Matcher matcher = pattern.matcher(fileContent);
StringBuilder sb = new StringBuilder();
while(matcher.matches()) {
    sb.append(matcher.group()).append("\n");
}
return sb.toString();

However, I would like the extractions to be formatted with the references(dollar sign,$) and literal-character-escaping (backslash,\) support, just like the replacement in Matcher.replaceAll(replacement)(Doc). For example:

fileContent = """
    aaabbcac aabb
    bcbcbbccc babba
""";
pattern = Pattern.compile("bb.*(.)(abb)");
extractionFormatter = "$1: $0, \\$$2";

The expected output would be:

a: bbcac aabb, $abb
b: bbccc babb, $abb

I hope you understand what I am trying to do. Do you know if there is any existing library/method that can achieve this without having me to reinvent the wheel?

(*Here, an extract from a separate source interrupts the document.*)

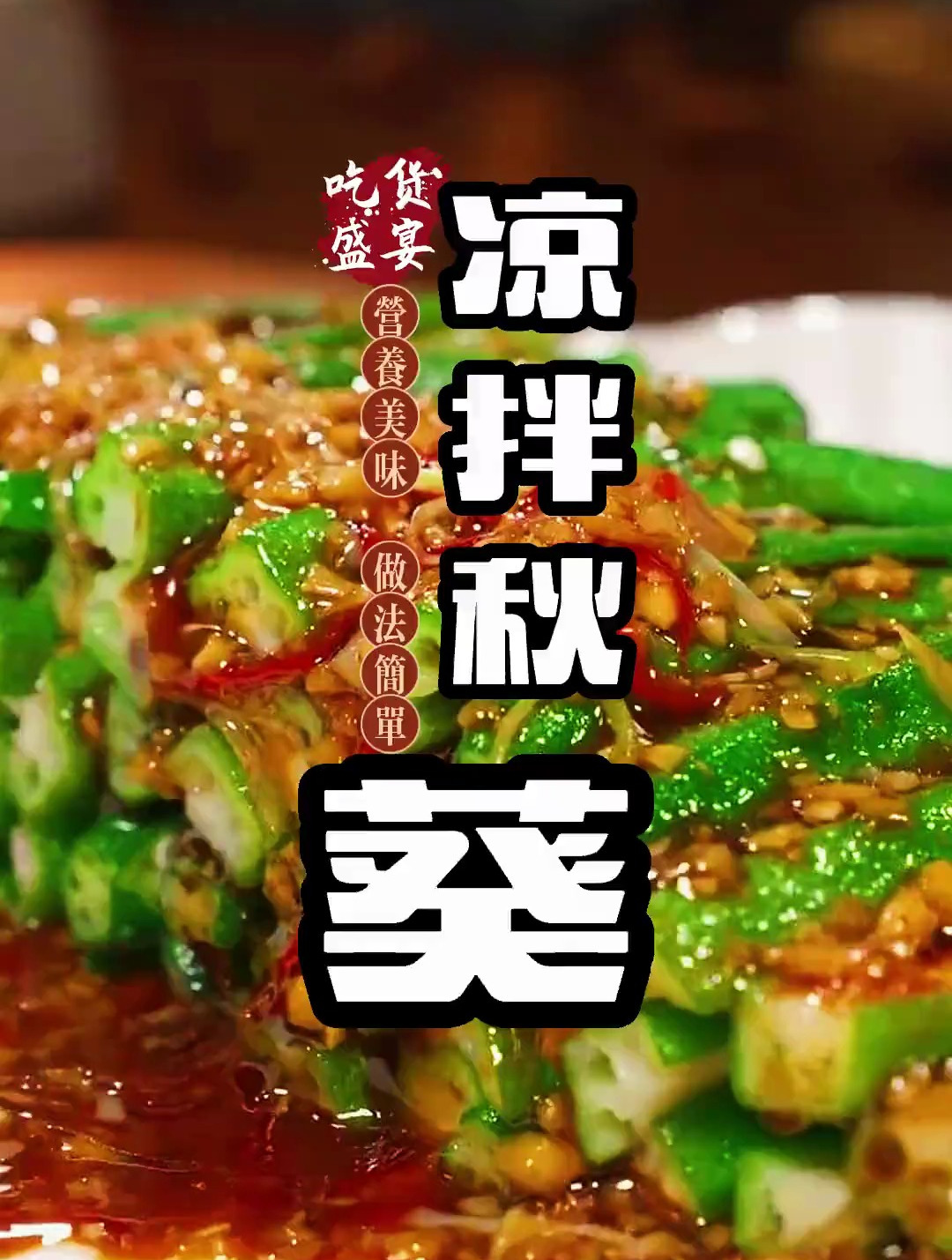 凉拌秋葵这样做营养不流失,简单还好吃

CodePudding user response：

You can use the results method from the Matcher class which returns a stream of MatchResults to first get all matches, get the results as string using MatchResult.group, replace now using the method String.replaceAll using the pattern as regex and your extractionFormatter as replacement and finally join all using new line:

String fileContent = "aaabbcac aabb\n"  
                     "bcbcbbccc babba";

Pattern pattern = Pattern.compile("bb.*(.)(abb)");
String extractionFormatter = "$1: $0, \\$$2";

String output = pattern.matcher(fileContent)
                        .results()
                        .map(MatchResult::group)
                        .map(s -> s.replaceAll(pattern.pattern(), extractionFormatter))
                        .collect(Collectors.joining(System.lineSeparator()));

System.out.println(output);

CodePudding user response：

You can use String.replaceAll instead.

The thing to note is that if you want to get the desired output with capture groups, you would have to match (to remove) from the string that should not be there in the replacement.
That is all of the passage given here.